I recalled this predicament as I recently binge-watched the charming Israeli show Shtisel, on Netflix, about a Haredi family in an Ultra-Orthodox community in Jerusalem. I was struck by how the characters kissed the mezuzah each time they entered or exited a room. As a Jewish mother, I hung mezuzas on our doorposts but I wasn’t attentive to their symbolism as I passed through during my crisis. I had a less divine focus. I was fixated on the door knobs.
I was unraveled in a spiral of indecisiveness. It began when I decided to fix-up our aging house. My husband and I had been in the house for over 20 years – moving there from NYC when our sons were toddlers. Now they were grown and the youngest was graduating college. My boys were only two years older than the house, but while they’d grown more independent, the house acted like it was still in the terrible twos — demanding time, money and lots of care and attention. I had grown up too. My knees creaked about as much as the floorboards did, and I didn’t want to take care of kids OR the house anymore. I could barely keep up with my own maintenance. If we were going to spend money on a facelift, it was going to be on my 56-year-old face, and not a center hall colonial.

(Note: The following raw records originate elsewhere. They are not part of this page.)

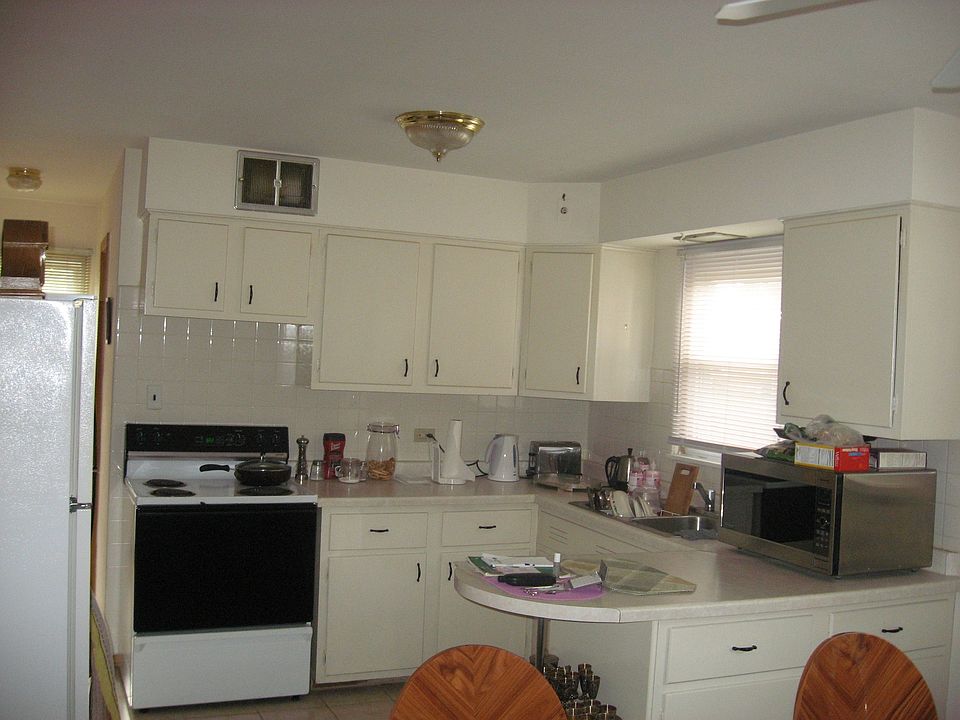 2nd image of 210 N Hicks Pl APT 1S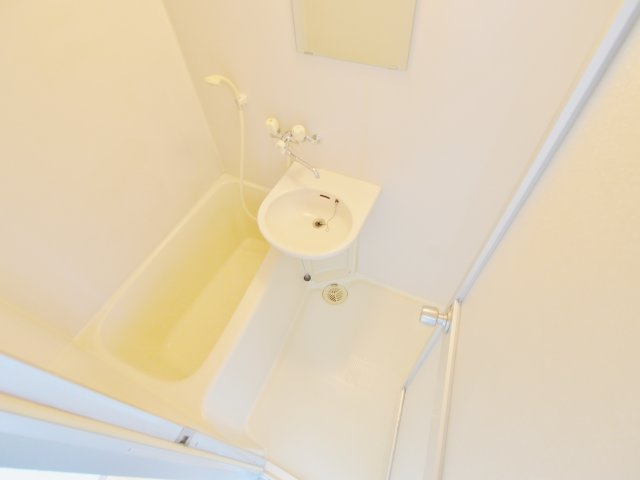 第８ガーデンの浴室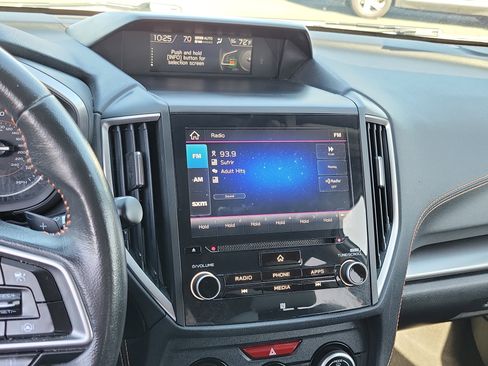 Used 2021 Subaru Crosstrek 2.5i Limited w/ Popular Package #4 image 11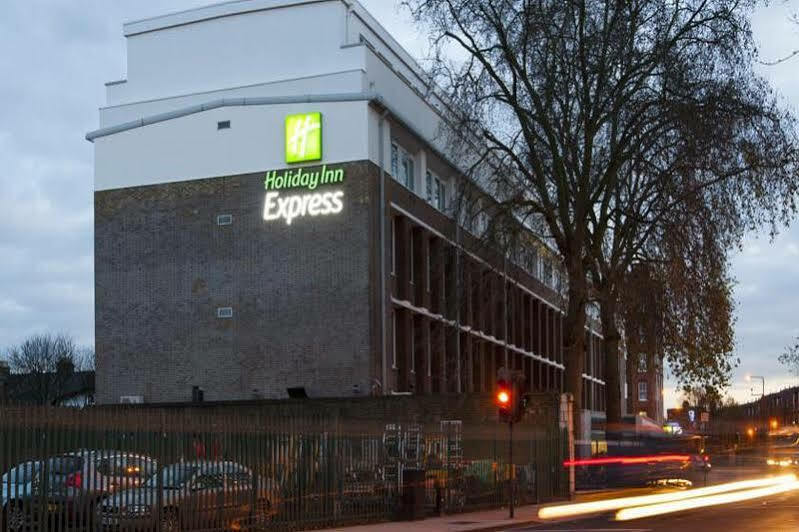 Hotel Holiday Express - Vauxhall Nine Elms, An Ihg 3*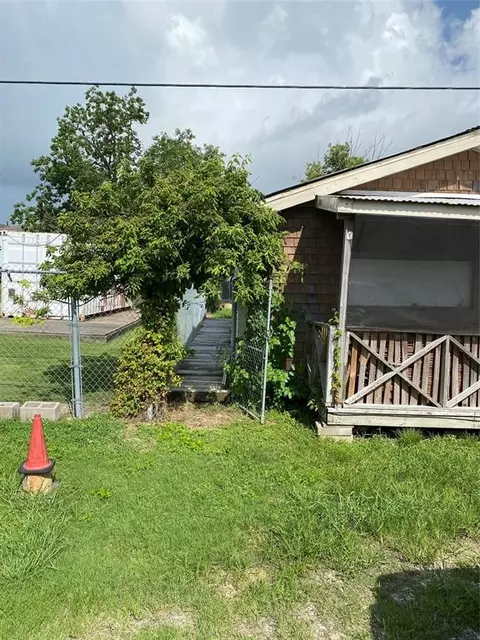 114 2nd St, San Leon, TX 77539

The entry hall had cracks in the ceiling, wood rot ate at the doorframes, the kitchen needed some new curtains and every room needed a coat of paint. If we ever wanted to sell it we’d have to maintain it. When a friend and real estate broker mentioned that new door handles were an easy upgrade I thought it would be a quick fix. Shiny new knobs had been known to freshen up old gals before so off I went to the hardware store.
Easy fix? It was not quite as simple as I hoped. Who knew there were so many choices? There were handles, levers, round knobs, egg knobs and so many finishes. There were hinges that needed to be matched. For a perfectionist like me who perseverated over details this was overwhelming. A salesman at Gracious Home helped me pick a classic style and went to get the order form but he would have needed a degree in abnormal psychology to get me to make the deposit. I went back to the store until I saw him run and hide the fourth time I showed up. When I thought he might call the Bellevue psych ward I went to other stores where I could start fresh. I stared at doors everywhere I went. I asked friends to take pictures of their door handles. I nearly fell off the Pilates reformer as I took a class and stared at the handles of the classroom door instead of my feet. My husband thought I was insane asking him his opinion on something he cared little about. I literally began dreaming of knobs. I couldn’t sleep. I was stuck. I was becoming unhinged.

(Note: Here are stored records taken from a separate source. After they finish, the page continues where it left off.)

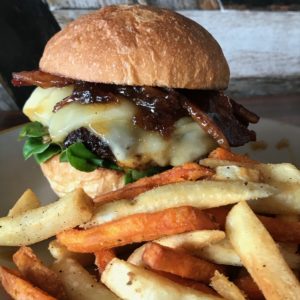 Cheese Rain Burger/incluye papas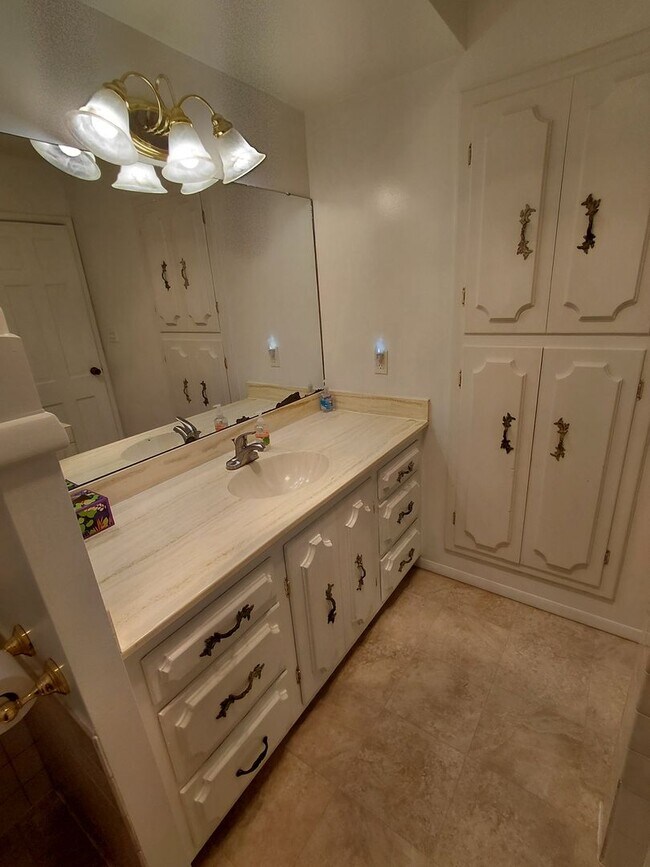 Building Photo - Silverdale Area Home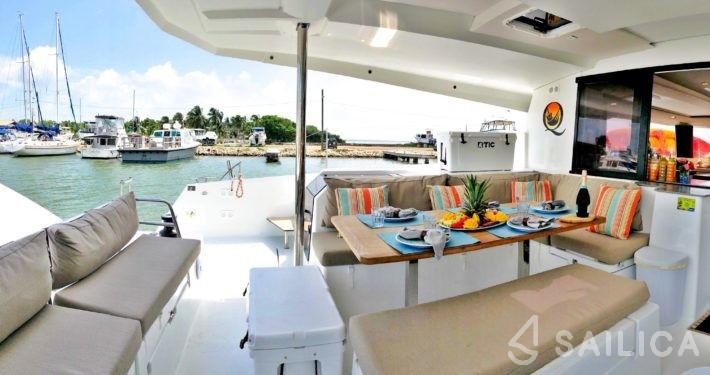 Saona 47 - Yacht Charter Sailica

I knew I should have been able to get a grip on this handle problem. Fortuitously I had an appointment with my internist for a routine physical. She asked how I was. I mentioned my eldest son was working in New York City and the other had graduated and would be moving to Chicago. Unexpectedly, I burst into tears. That’s when it hit me.
All this obsessing about handles and hinges — it was never about that. I was deeply emotional about the doors that were closing on a parenting chapter, as my youngest son was about to embark on his own life. I was sad about the once locked doors to their now abandoned bedrooms — where mezuzahs bought on a family trip to Israel were hung with pride. Now they were museums of their childhood, filled with stuffed bears, class trip souvenirs and ephemera. This condition was about the entry to the basement where they played with toy cars and Legos before graduating to video games and contraband beer bottles during high school.
I had dreamed of the time when the house would be quiet and clean and I would have freedom and time,yet when it was close I was surprised by my ambivalence about it. I missed the energy and noise that made the house alive. I missed the fridge door opening to shelves full of food and snacks, instead of only water bottles and condiments. When the boys came home they were only visiting. I felt like the proprietor of an empty inn.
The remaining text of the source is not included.